> Task brief
The answer must be every line of the data that holds the word "Photo".

> Data excerpts
-- Opening Marker --

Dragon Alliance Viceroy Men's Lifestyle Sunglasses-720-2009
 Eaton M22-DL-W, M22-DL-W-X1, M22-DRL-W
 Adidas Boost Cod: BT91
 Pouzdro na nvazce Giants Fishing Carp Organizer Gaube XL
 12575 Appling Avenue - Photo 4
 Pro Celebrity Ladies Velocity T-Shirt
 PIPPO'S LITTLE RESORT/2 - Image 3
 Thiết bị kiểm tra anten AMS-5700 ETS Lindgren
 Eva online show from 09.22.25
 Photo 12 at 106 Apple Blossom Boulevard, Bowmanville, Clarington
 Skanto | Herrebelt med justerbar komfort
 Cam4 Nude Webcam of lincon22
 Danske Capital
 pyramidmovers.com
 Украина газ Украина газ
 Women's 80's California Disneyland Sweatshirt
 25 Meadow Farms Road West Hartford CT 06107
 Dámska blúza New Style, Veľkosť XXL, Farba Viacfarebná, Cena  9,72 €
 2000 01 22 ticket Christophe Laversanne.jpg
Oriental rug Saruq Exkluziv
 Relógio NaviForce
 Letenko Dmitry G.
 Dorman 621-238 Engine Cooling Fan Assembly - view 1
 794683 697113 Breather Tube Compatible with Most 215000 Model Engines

-- Closing Marker --

> Answer to the problem
 12575 Appling Avenue - Photo 4
 Photo 12 at 106 Apple Blossom Boulevard, Bowmanville, Clarington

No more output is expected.